**Exercise aim**
Give back the lines of the entries below exactly as written, from the first line to the line holding "锁定退市!梦碎0.99元", both included, with the pictures omitted.

**Dataset extract**
---+---

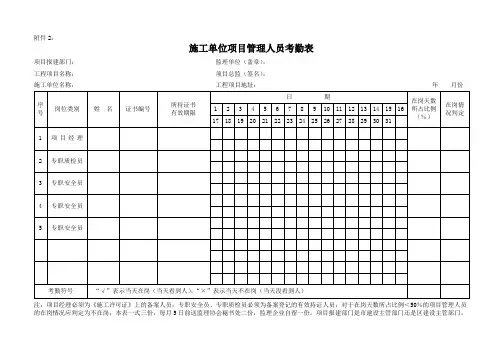 施工单位项目管理人员考勤表模板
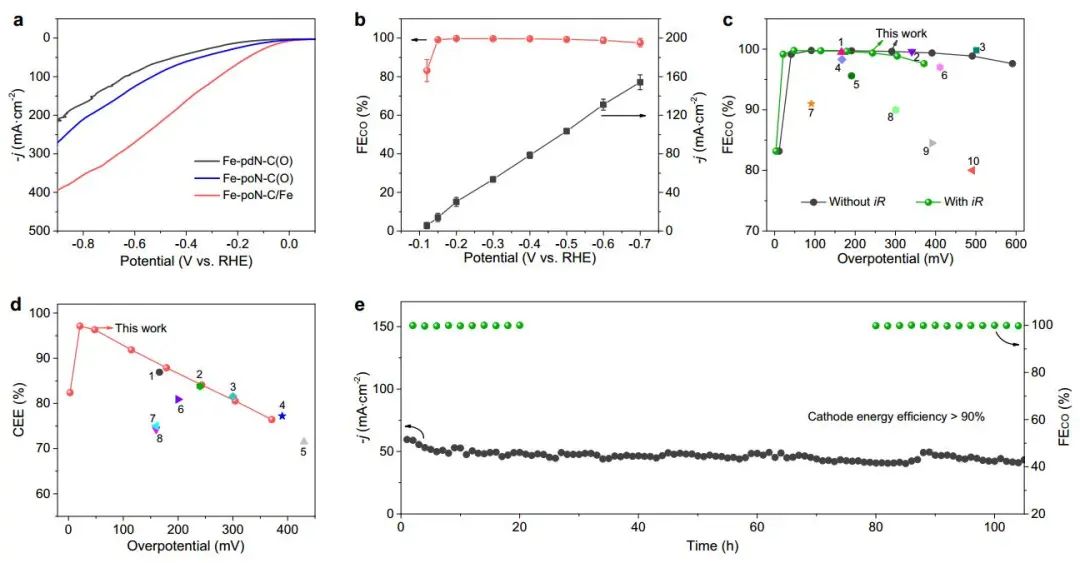 南開大學(xué)李偉教授Nature子刊：Fe-poN-C/Fe助力電化學(xué)CO2還原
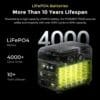 FOSSIBOT F1200 Portable Power Station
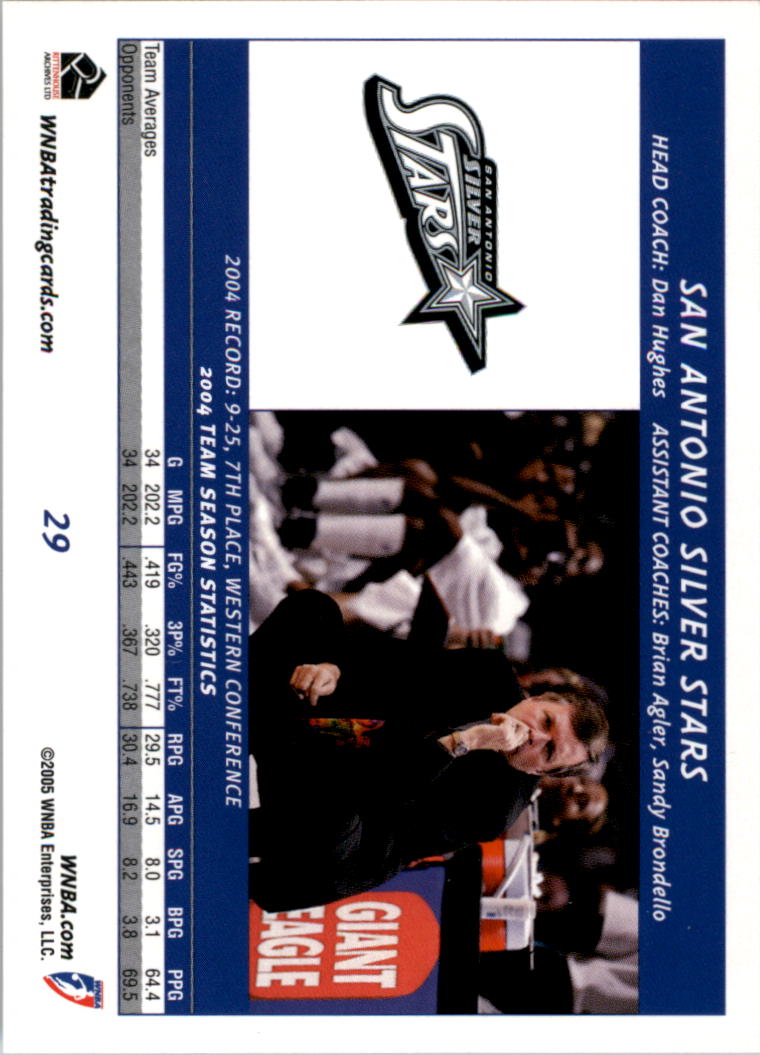 2005 WNBA #29 San Antonio Silver Stars TC back image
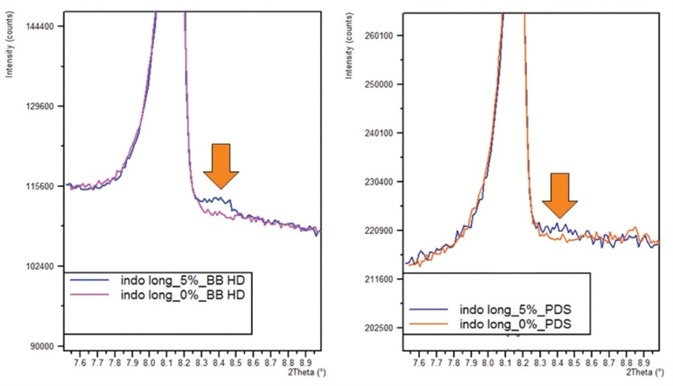 1a. 0.25% alpha-indomethacin peak measured with BBHD optic. b. 0.25% alpha-indomethacin peak measured with slit optics.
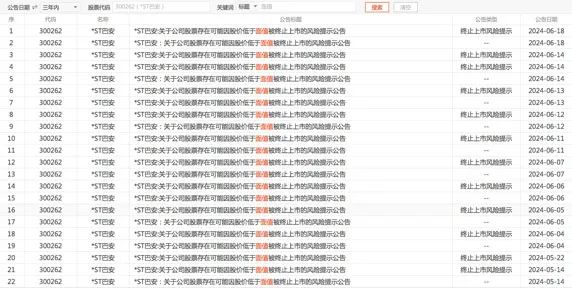 锁定退市!梦碎0.99元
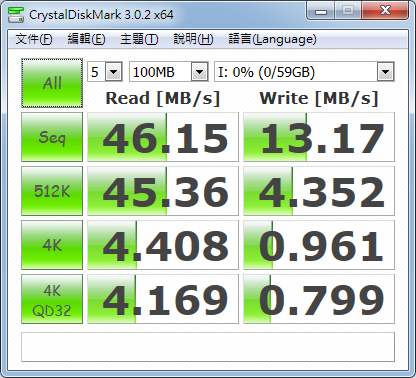 [開箱]金士頓Kingston USB3.0 讀卡機FCR-HS3 加映TOSHIBA EXCERIA 64G,SanDisk Ultra microSD 64G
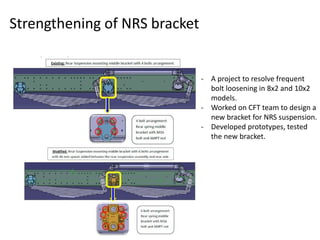 Strengthening of NRS bracket
- A project to resolve frequent
bolt loosening in 8x2 and 10x2
models.
- Worked on CFT team to design a
new bracket for NRS suspension.
- Developed prototypes, tested
the new bracket.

---+---

**Your response**
 施工单位项目管理人员考勤表模板
 南開大學(xué)李偉教授Nature子刊：Fe-poN-C/Fe助力電化學(xué)CO2還原
 FOSSIBOT F1200 Portable Power Station
 2005 WNBA #29 San Antonio Silver Stars TC back image
 1a. 0.25% alpha-indomethacin peak measured with BBHD optic. b. 0.25% alpha-indomethacin peak measured with slit optics.
 锁定退市!梦碎0.99元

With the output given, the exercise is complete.